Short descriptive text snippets
_ _ _ _ _ _ _

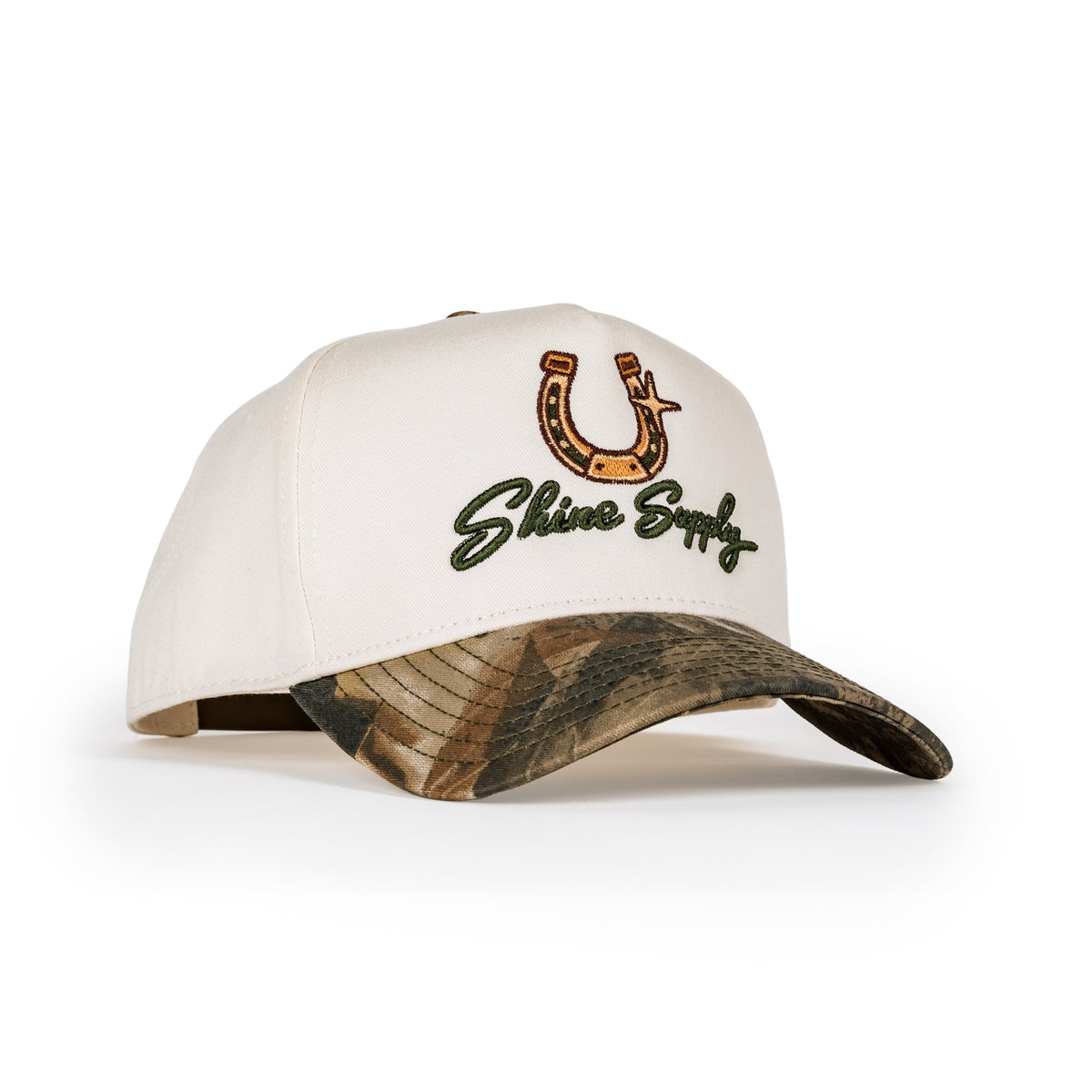 Saddle Up snapback in cream with camo bill, embroidered gold horseshoe and Shine Supply script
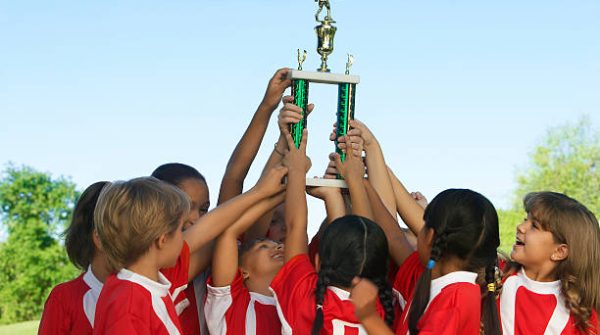 Group of children holding trophy above heads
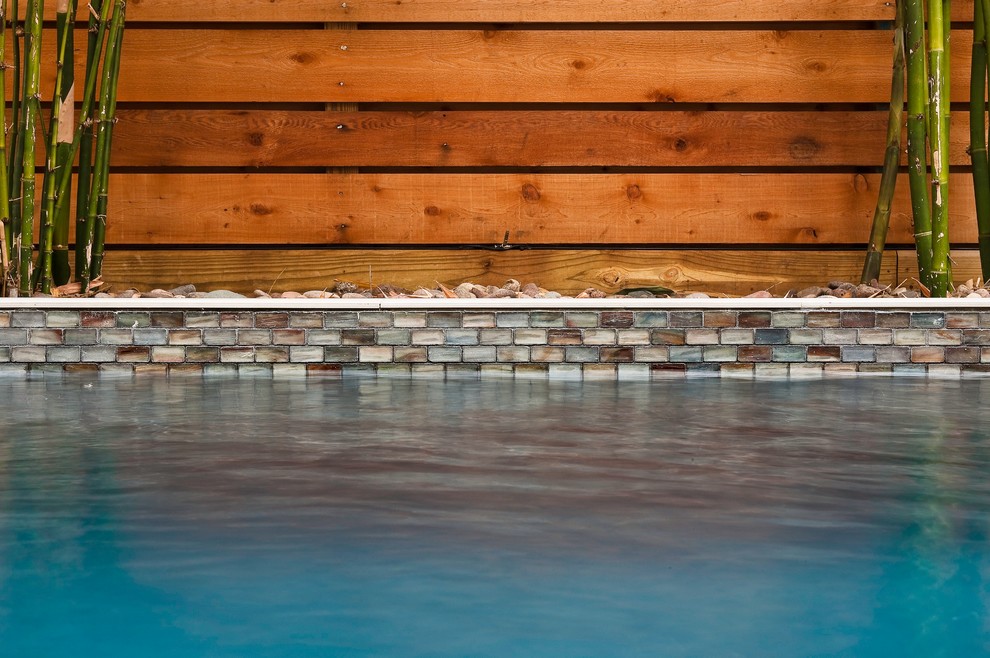 Ejemplo de piscina con fuente alargada actual de tamaño medio rectangular con adoquines de hormigón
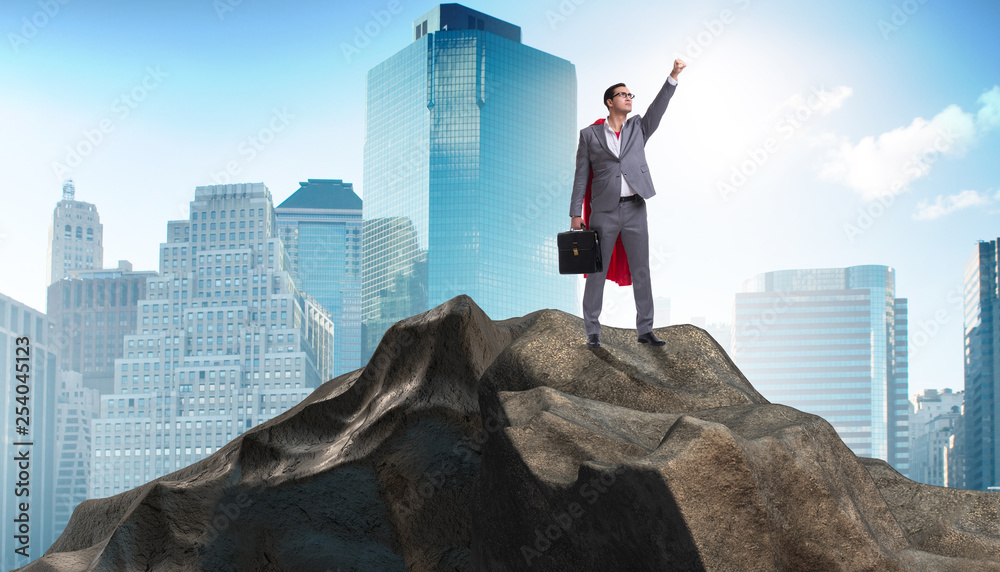 Superhero businessman on top of mountain Superhero businessman on top of mountain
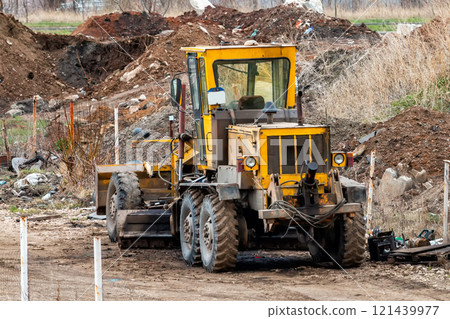 Yellow grader in a landfill Yellow grader in a landfill 121439977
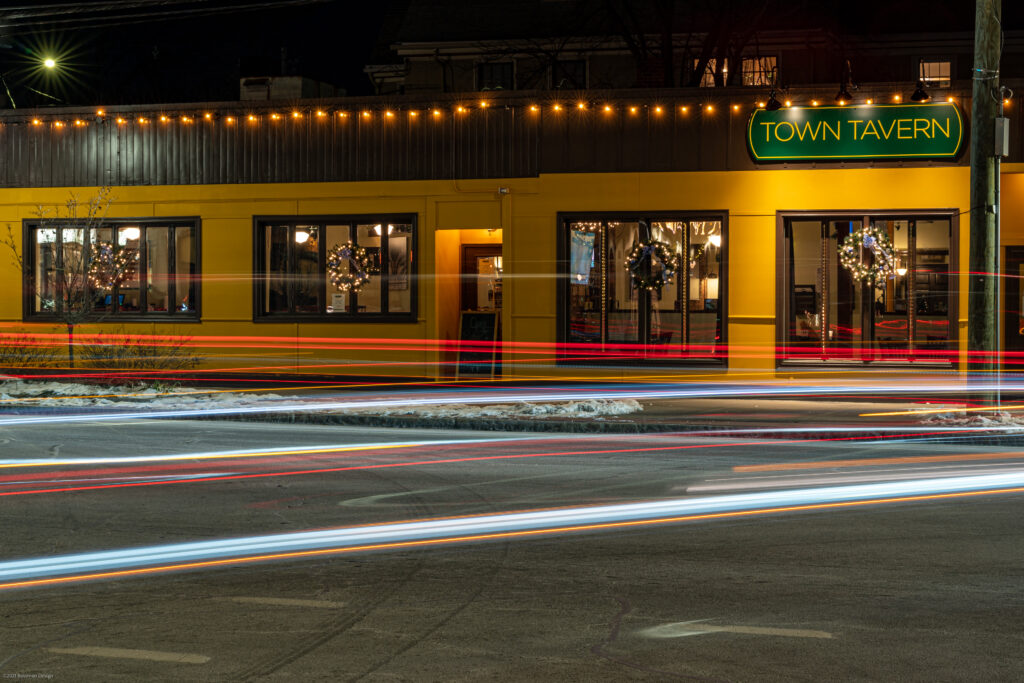 Town Tavern's yellow facade at night with long-exposure light trails from a passing MBTA bus, Arlington MA.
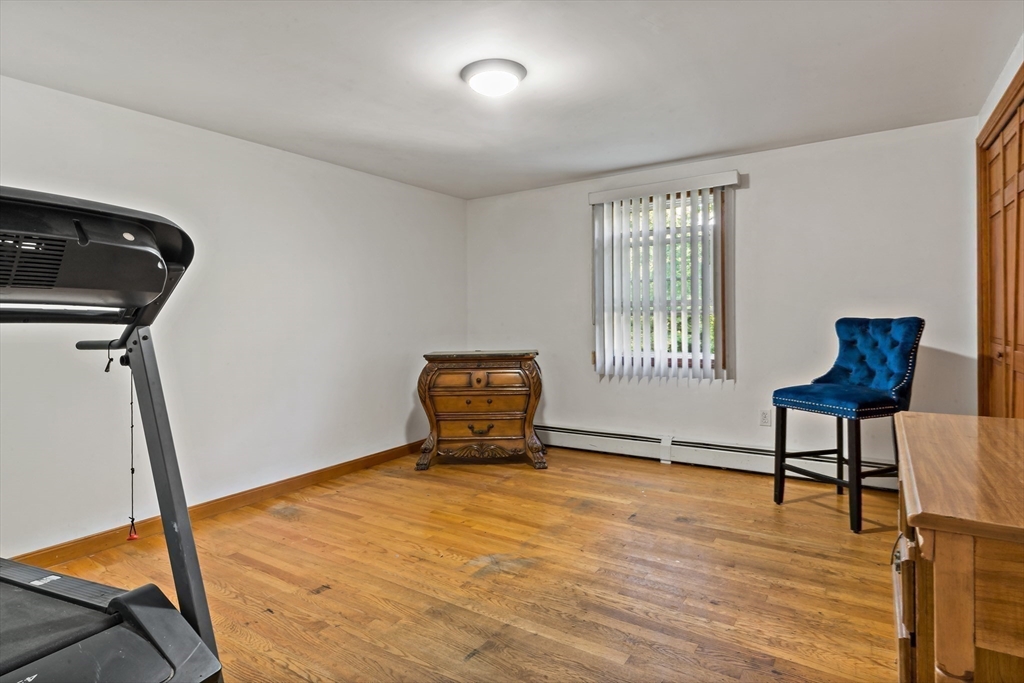 16 Martin Street Rehoboth, MA 02769 - Photo 20 of 38 a bedroom with a bed and wooden floor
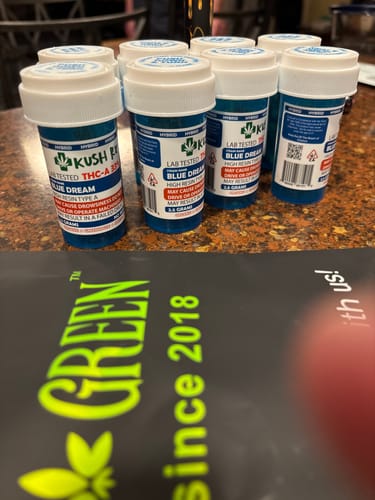 Customer's several Blue Dream Kush Rx flower bottles on a brown surface with a partial blurred brand flyer in front.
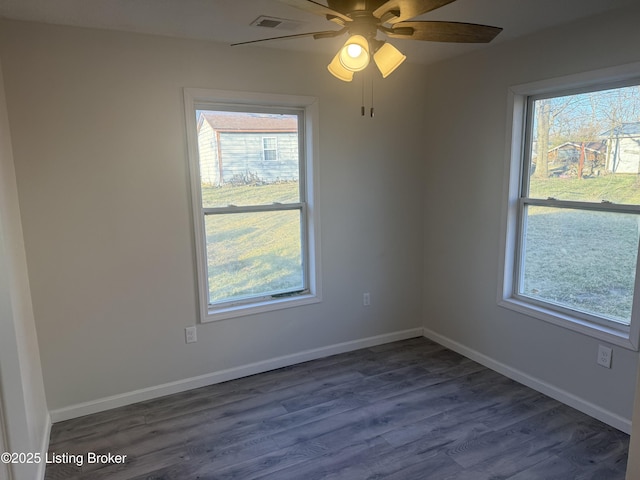 525 Leavette Ave, Leitchfield, KY 42754 - empty room featuring dark wood-style floors, plenty of natural light, a ceiling fan, and baseboards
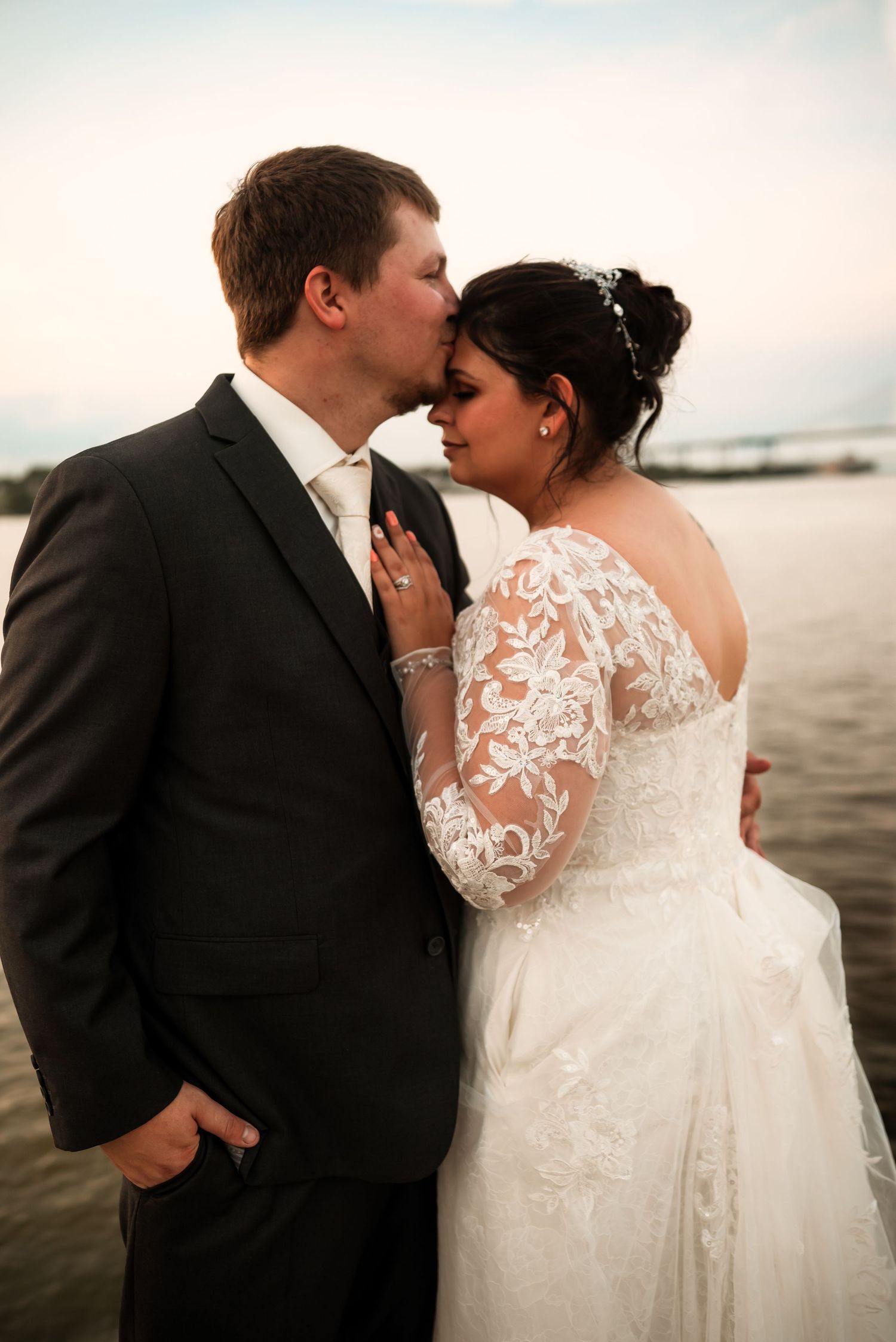Intimate wedding portraits by the water showing tender moments between newlyweds.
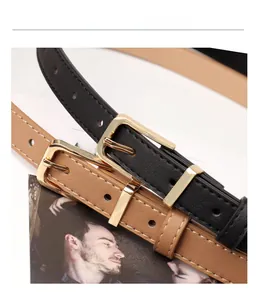 Detail of slim black and brown faux leather belts with gold rectangular buckles and stitching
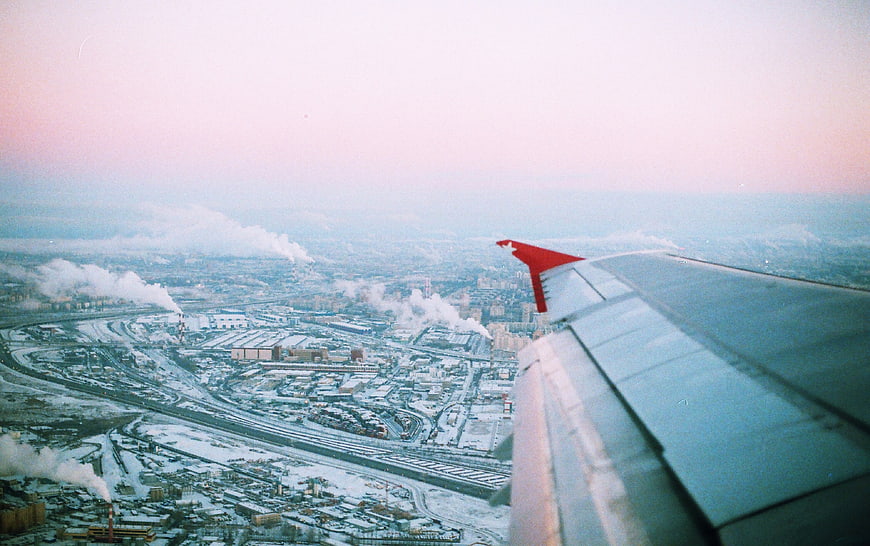 Aerial view of snowy industrial city from airplane window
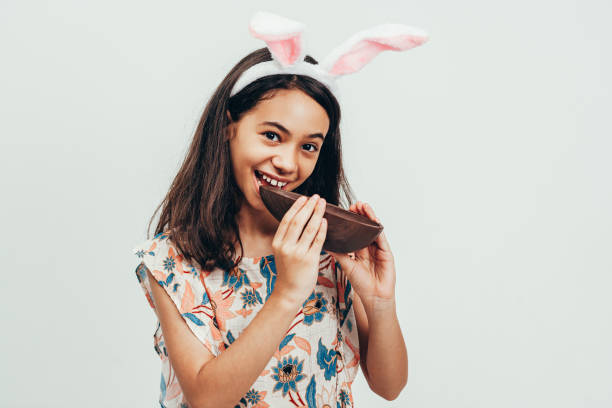 dolce bambina che indossa orecchie da coniglietto che mangiano uovo di pasqua al cioccolato. pasqua in brasile - easter easter egg child chocolate foto e immagini stock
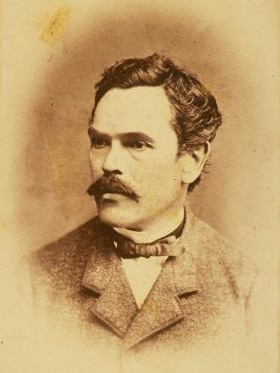 A sepia head shot of a man with short dark hair and a mustache.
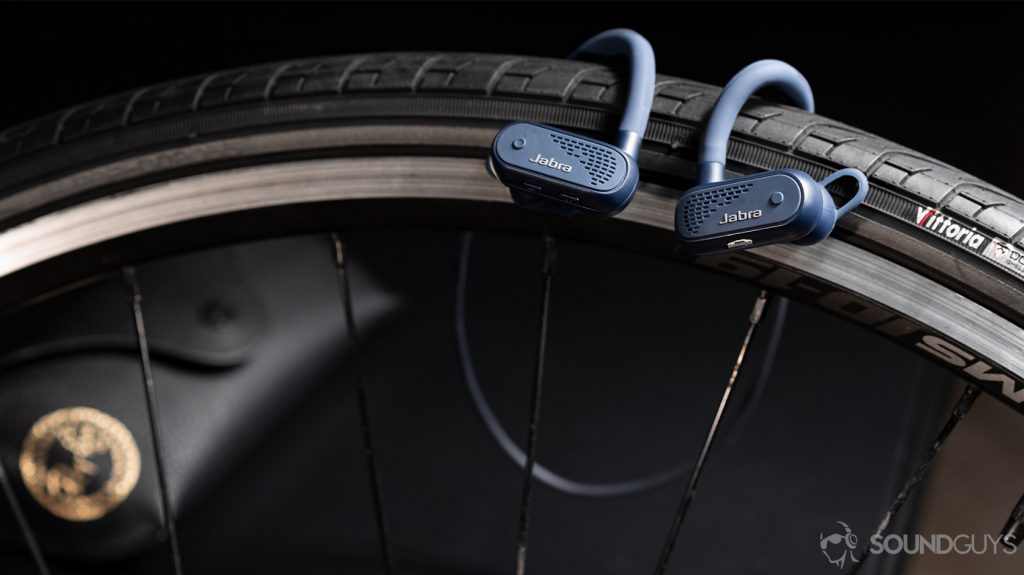 A photo of the Jabra Elite Active 45e earbuds hanging from a road bike tire.
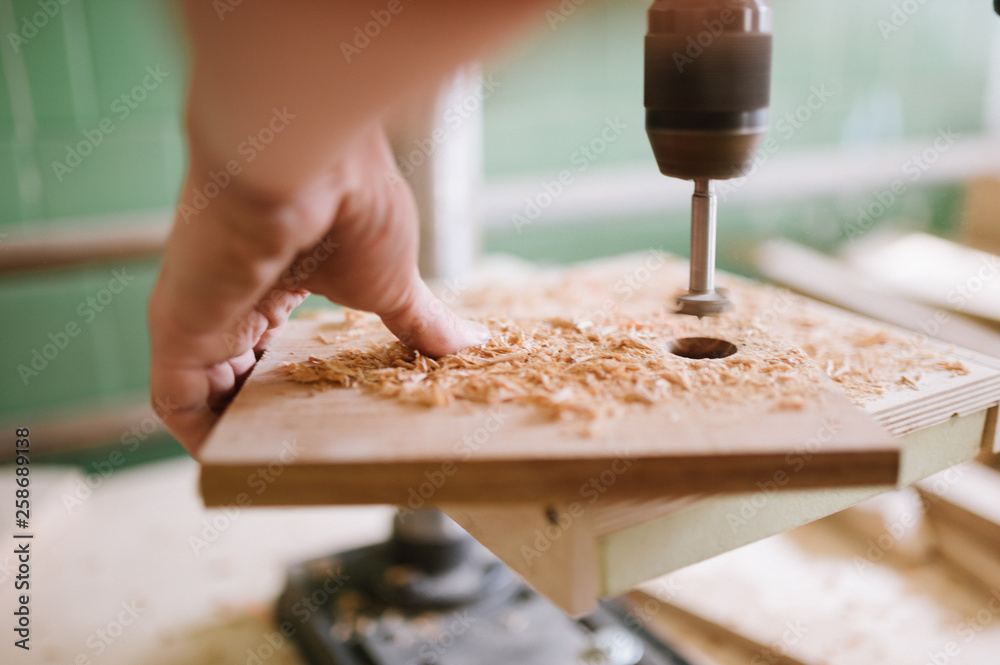 The master works on the machine for drilling in the carpentry workshop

_ _ _ _ _ _ _

### Your task
Above are some entries. Restate word for word the lines from the one holding "Town Tavern's yellow" through the one holding "Intimate wedding portraits", but not the pictures.

### Exercise solution
 Town Tavern's yellow facade at night with long-exposure light trails from a passing MBTA bus, Arlington MA.
 16 Martin Street Rehoboth, MA 02769 - Photo 20 of 38 a bedroom with a bed and wooden floor
 Customer's several Blue Dream Kush Rx flower bottles on a brown surface with a partial blurred brand flyer in front.
 525 Leavette Ave, Leitchfield, KY 42754 - empty room featuring dark wood-style floors, plenty of natural light, a ceiling fan, and baseboards
Intimate wedding portraits by the water showing tender moments between newlyweds.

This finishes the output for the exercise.